Pulpotomy and Pulpectomy
Pulpotomy and pulpectomy are types of root canal procedures recommended only for children. Though both pulpotomy and pulpectomy are used to save a child’s natural tooth, they have one difference.
Pulpectomy procedure is used when a child has an extensive tooth infection or decay. In this procedure, all the infected pulp is removed and replaced with a filler material.
Whereas in a pulpotomy procedure they don’t use filler material. Once the affected pulp of the tooth’s chamber is removed, the healthy pulp is left to grow in your child’s tooth roots.
How are Root Canals Performed?
Like any other dental procedure, the endodontic treatment follows specific steps.

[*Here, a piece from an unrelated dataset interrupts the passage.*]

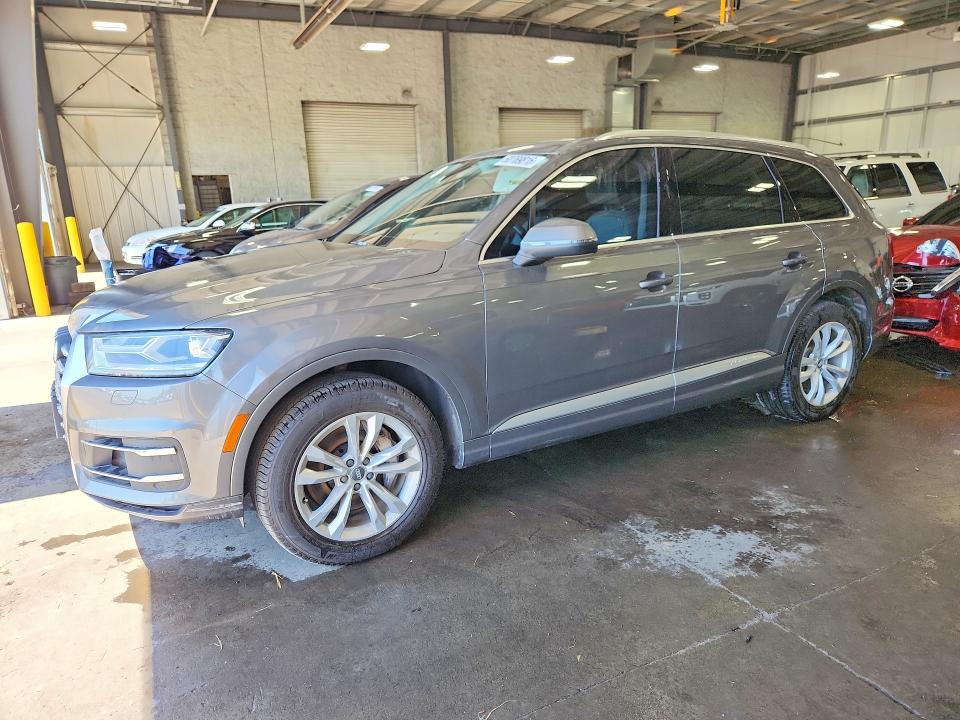 2017 Audi Q7 VIN WA1LAAF73HD039247 COPART salvage auction — MINOR DENT/SCRATCHES, Wi - Certificate Of Title, sold $4,800 on 2026-07-28 (photo 1)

Performing Dental X-Rays: The dentist will take X-rays of your teeth and spot the affected area.
Anesthesia: Once the affected area is spotted, a patient will be given local anesthesia. Thorough mouth cleaning will also be done at this stage.
Removing the pulp: As the anesthesia starts to kick in, the dentist will make a small hole on the surface of the tooth. With the help of dental equipment, the dead pulp tissue is removed with very small files.
Treating the Opening: Once the bacteria and dead pulp are removed, the dentist will medicate the internal tooth to kill any remaining bacteria to prevent future reinfection.
Sealing the Tooth/Temporary Filling: Once the pulp is removed and bacteria is removed, it’s time for filling and sealing the opening.
Depending on the infection and the location of a tooth, patients are either given a temporary filling or a permanent filling. Note that a temporary filling should be replaced with a permanent one at the given date your dentist assigns you.
Once the filling is complete, a crown is placed to protect the teeth and root.
Restoring the Tooth: Restoring teeth is the next step for patients who have a temporary filling. At this stage, temporary fillings are removed and replaced with permanent fillings.
In many cases, an artificial crown will replace the tip of your tooth.
Tips For Preventing Pulp Canal Infections
Once you have your pulp canal infection treated, it’s important to take care of it to prevent any infection in the future. Here are tips for preventing further infections and taking care of your treated teeth.
- Brush your teeth twice a day.
- Use a gentle antiseptic mouthwash.
- Restore your teeth permanently as soon as possible.
- Get dental cleaning at least twice a year.
- See your dentist right away if you notice any early signs of infection.